Видел ли в своих предсмертных мечтах генерал Альфонс Шанявский, польский подвижник русского просвещения, этого худенького узколицего юношу, ради которого, ради таких, как он, собственно, и создавалось его детище, – когда 7 ноября 1905 года, в последнее утро своей жизни, он подписывал свое историческое завещание, передавая на нужды будущего университета всю принадлежащую ему недвижимость? Но как бы там ни было, к моменту приезда Выготского в Москву университет Шанявского функционировал уже пять лет (причем с 1912 года в специально выстроенном для него здании на Миусской площади, занимаемом ныне его как бы духовным наследником – Российским государственным гуманитарным университетом), открывая дорогу к знаниям «кухаркиным детям» и прочим париям, на чьем пути чиновная Россия сумела выстроить сложную систему препон и рогаток.
Здесь не было вступительных экзаменов. Не существовало ограничений по социальному происхождению и вероисповеданию. Не было и обязательных посещений: каждый сам выбирал для себя лекционные курсы и семинары. Правда, статус народного университета не позволял ему выдавать официально признаваемые дипломы, но зато его преподавательскому корпусу мог позавидовать любой вуз России. И это тоже было одной из примечательных черт данного учреждения, служившего центром притяжения передовой научной интеллигенции.
Курс физики читал здесь до самой своей кончины глава русской физической школы П. Н. Лебедев, биологии – один из основателей молекулярной биологии Н. К. Кольцов, физиологии растений – К. А. Тимирязев, а педагогику и психологию вел П. П. Блонский. И не случайно, когда после студенческих волнений 1911 года Московский университет покинули 111 штатных его профессоров и доцентов, не пожелавших мириться с противоправными действиями властей, многие из них нашли приют именно в стенах университета Шанявского (Шноль, 2001, с. 78–99).
В официальной справке, отражающей этапы его становления как психолога, Выготский написал: «Научные занятия по психологии начал еще в университете. С тех пор ни на один год не прерывал работы по этой специальности» (Выгодская, Лифанова, 1996, с. 39). И все же на первом месте для него стояло тогда другое. Вопреки традиционному пути приобщения к науке большинства своих коллег, Выготский шел к психологии от литературы и от искусства («по диагонали», как выразился С. А. Смирнов в своей книге «На пути к построению педагогической антропологии»). И первой, а вместе с тем и последней «станцией» на этом пути стала его дипломная работа о «Гамлете», выполненная на историко-философском факультете университета Шанявского под патронажем известного литературоведа Ю. Айхенвальда.

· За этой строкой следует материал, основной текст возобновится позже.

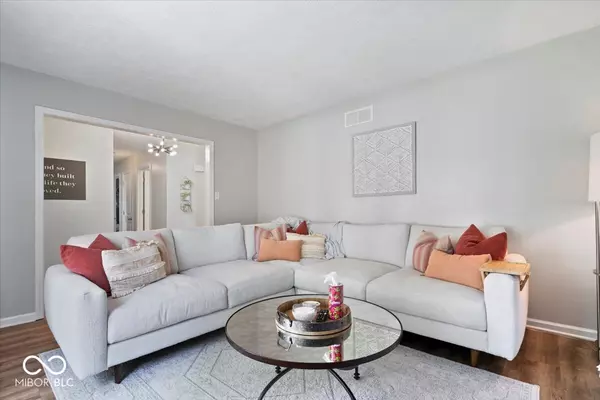 Fishers, IN 46037,10444 Collingswood LN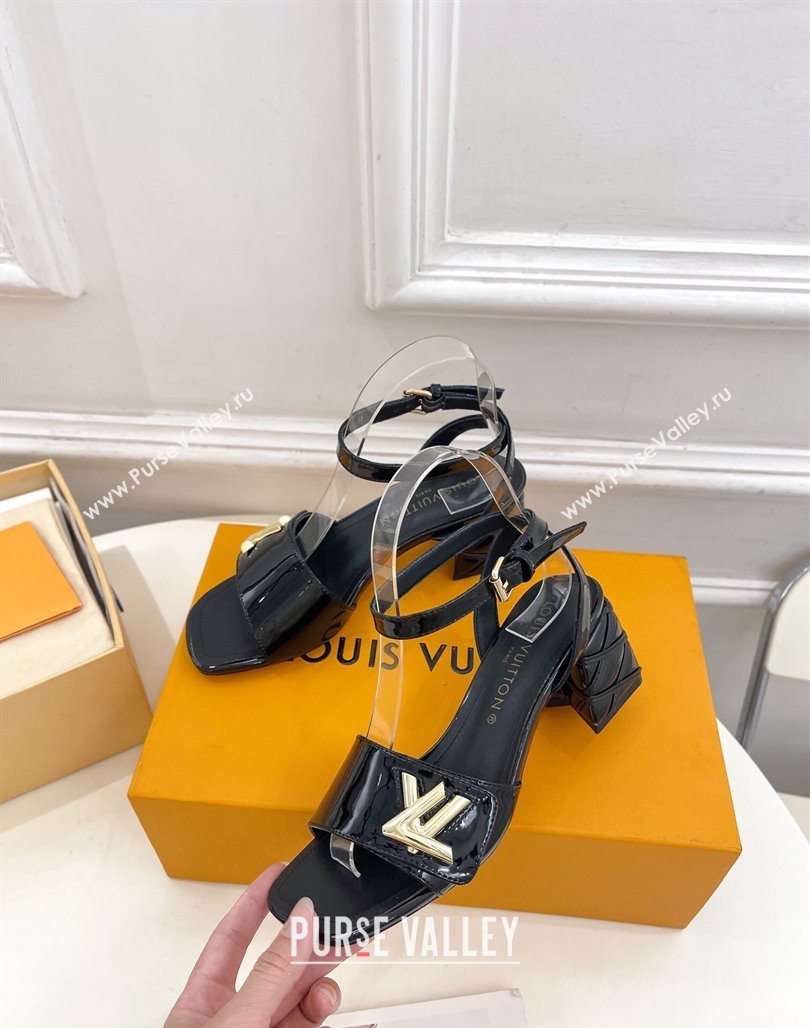 Louis Vuitton Shake Strap Sandals 5.5cm with Quilted Heel in Patent Calfskin Black 2024 0426 (MD-240426078)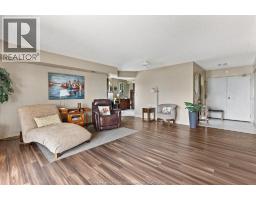 109 ROBSON UnitNo. 403 - 6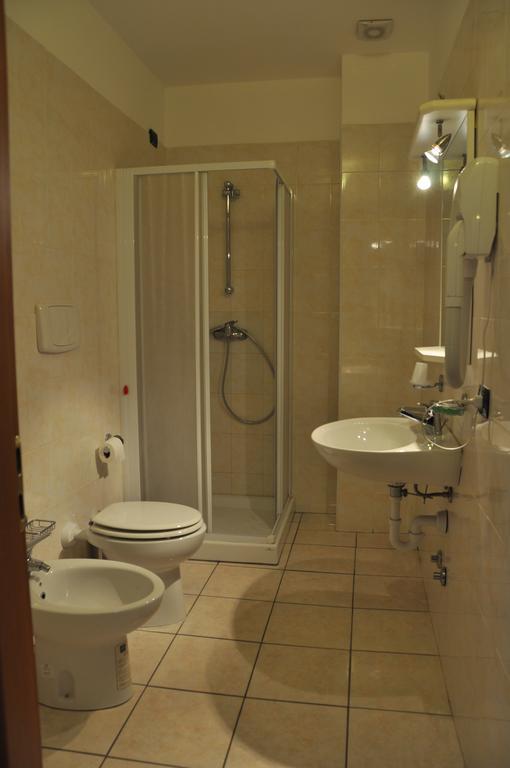 Hotel Belforte Varese Bagian luar foto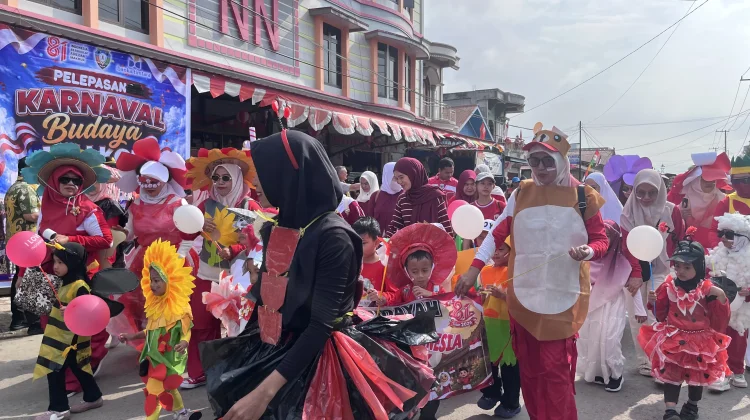 Karnaval Budaya Warnai Semarak HUT ke-81 RI di Malinau Kota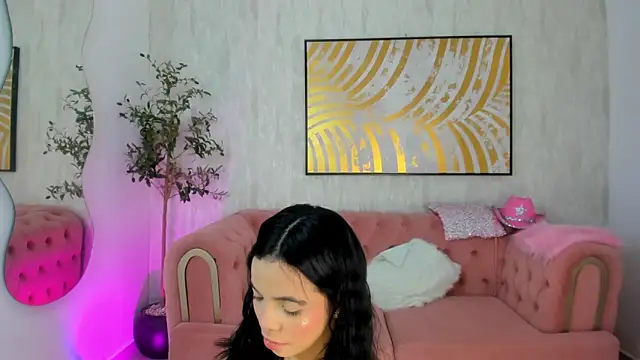 Krissi latore online show from May 2026 12:23:02 PM
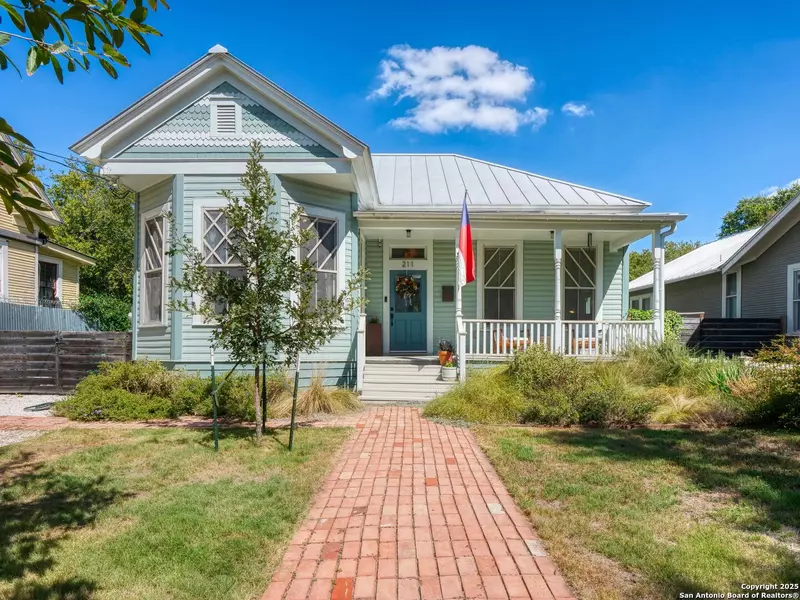 211 St. Devine, San Antonio, TX 78210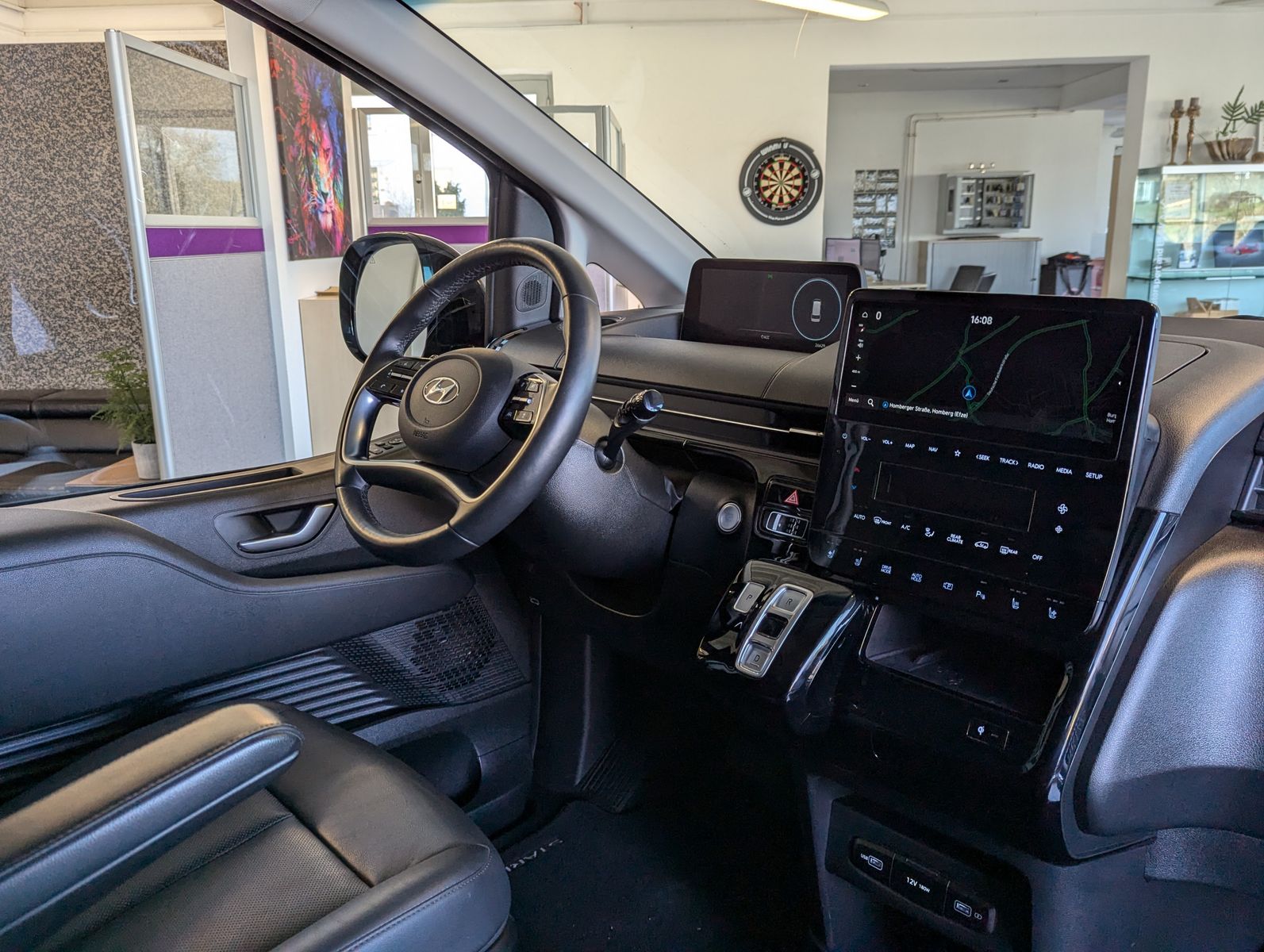 Fahrzeugabbildung Hyundai Staria 2.2 CRDi Aut Prime 4WD Leder Pano 9-Sitze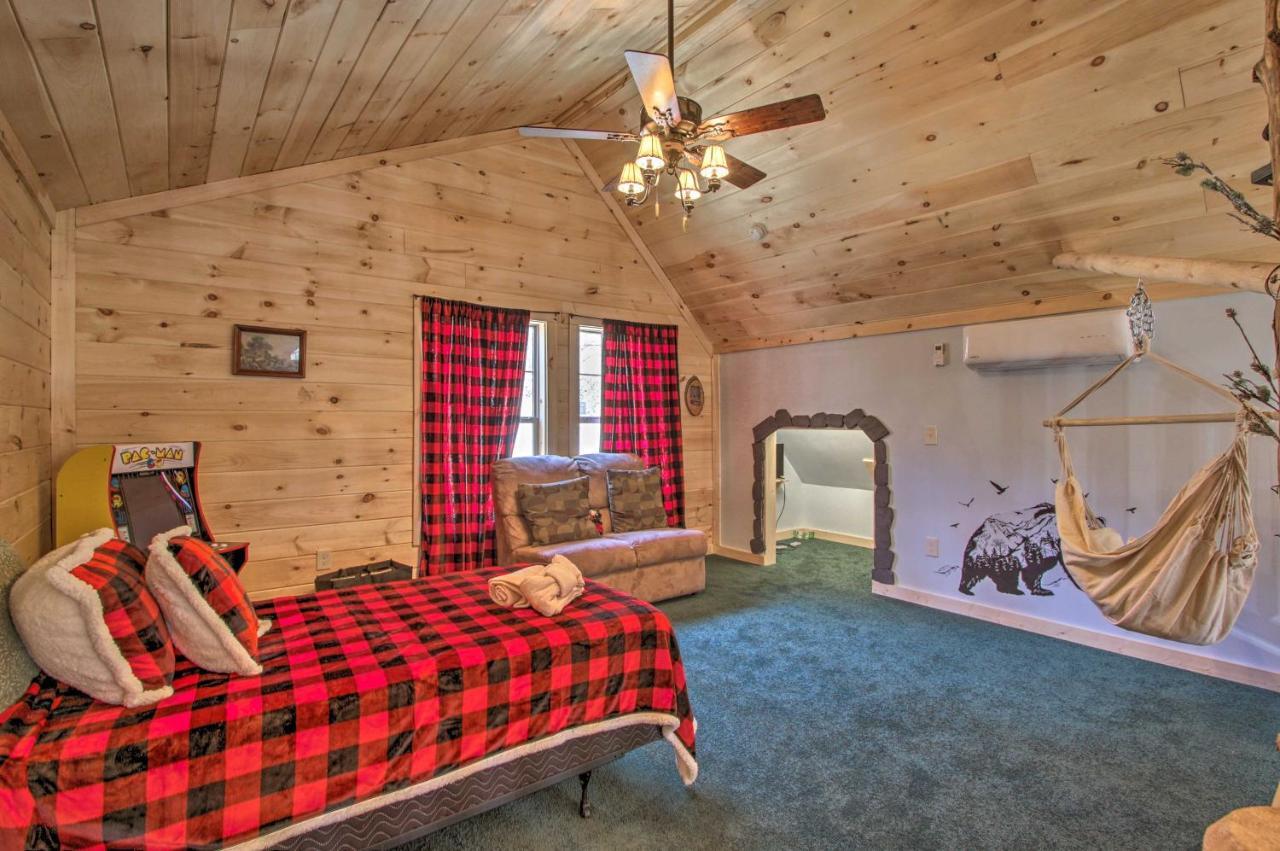 The Phoenix Cabin With Hot Tub In Gatlinburg! Exterior foto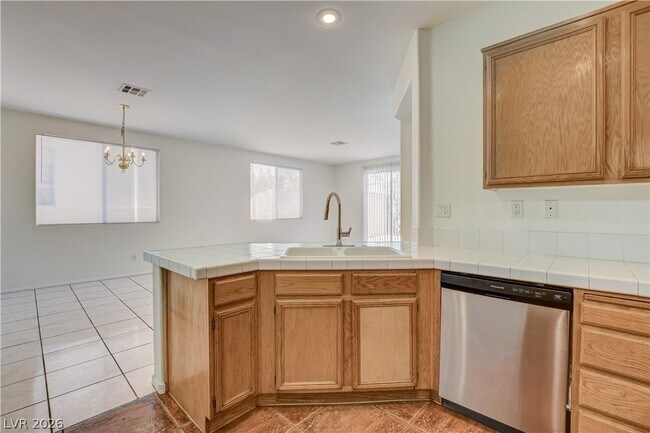 Building Photo - 9890 Ridgehaven Ave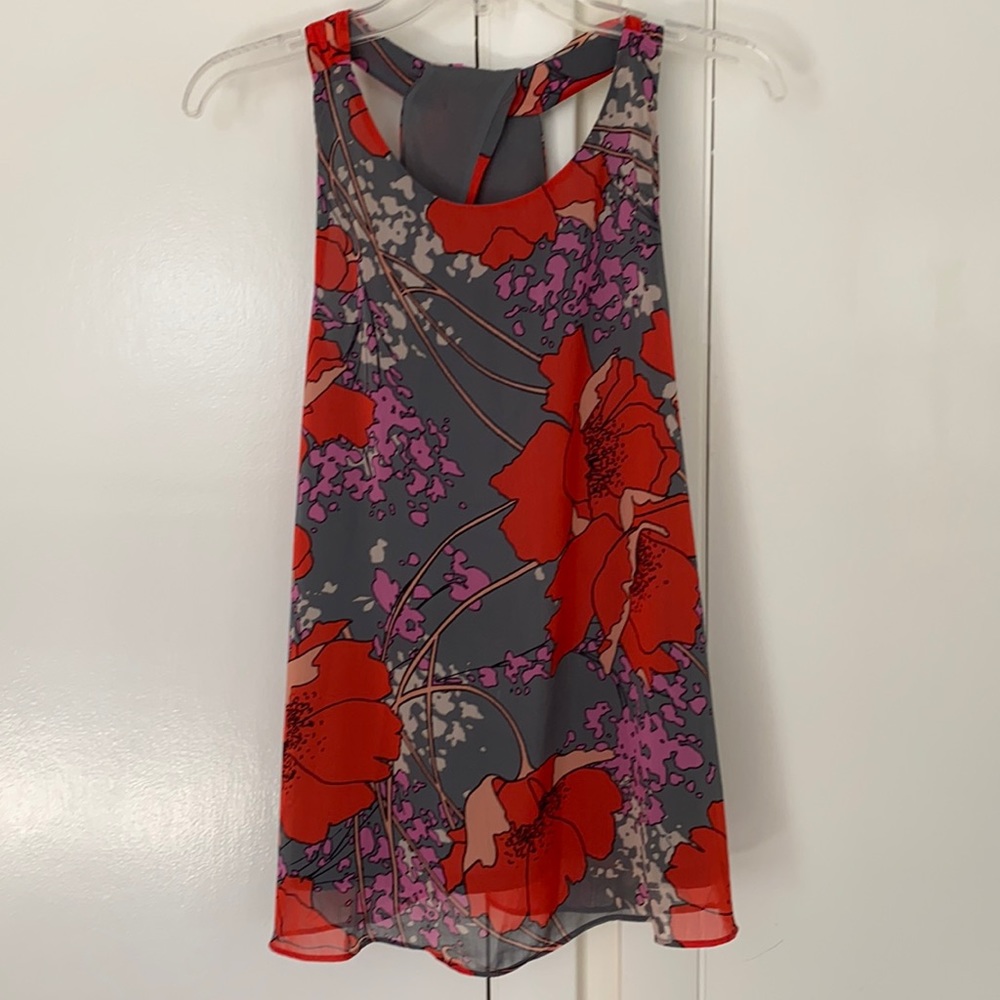 Floral scoop neck float top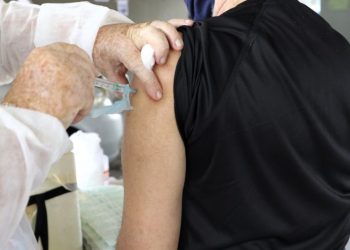 Campanha de vacinação contra a gripe é prorrogada até janeiro de 2025 no Amazonas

Впрочем, язык не поворачивается назвать это уникальное по мысли двухсотстраничное исследование дипломной работой. А, с другой стороны, самый возраст дипломника наводит на ассоциации совсем другого рода. Это Ф. Шопен, девятнадцати лет сочинивший свой Первый фортепьянный концерт. Это Ф. Мендельсон, написавший увертюру «Сон в летнюю ночь» в семнадцать. Это, наконец, наш Д. Шостакович, в девятнадцатилетнем возрасте ставший автором своей Первой симфонии.
Что мог добавить юный литературовед к тем эверестам литературы, что были уже написаны к тому моменту о «Гамлете»? Разве что добросовестно проштудировать все доступные ему источники. Но Выготский поступает иначе. Труды по шекспироведению на трех языках он действительно проштудировал (а «Гамлета» в подлиннике знал почти наизусть), но всю эту литературу вывел за скобки. Да-да, в прямом смысле слова, поместив интереснейший ее разбор в комментариях, составивших как бы книгу в книге. А собственное исследование ограничил анализом исключительно текста как такового – вне всей научно-исторической проблематики его появления, источников, авторства, влияний и т. д. То есть вычленив свое «откровенно субъективное», читательское восприятие трагедии и поставив его в зависимость только от текста. Этот свой этюд автор назвал опытом «читательской критики», не предполагая, конечно, что предвосхищает тем самым центральную идею позднейшего литературоведения – структуральной лингвистики: сводить художественную специфику произведения к единственной его объективной данности – авторскому тексту.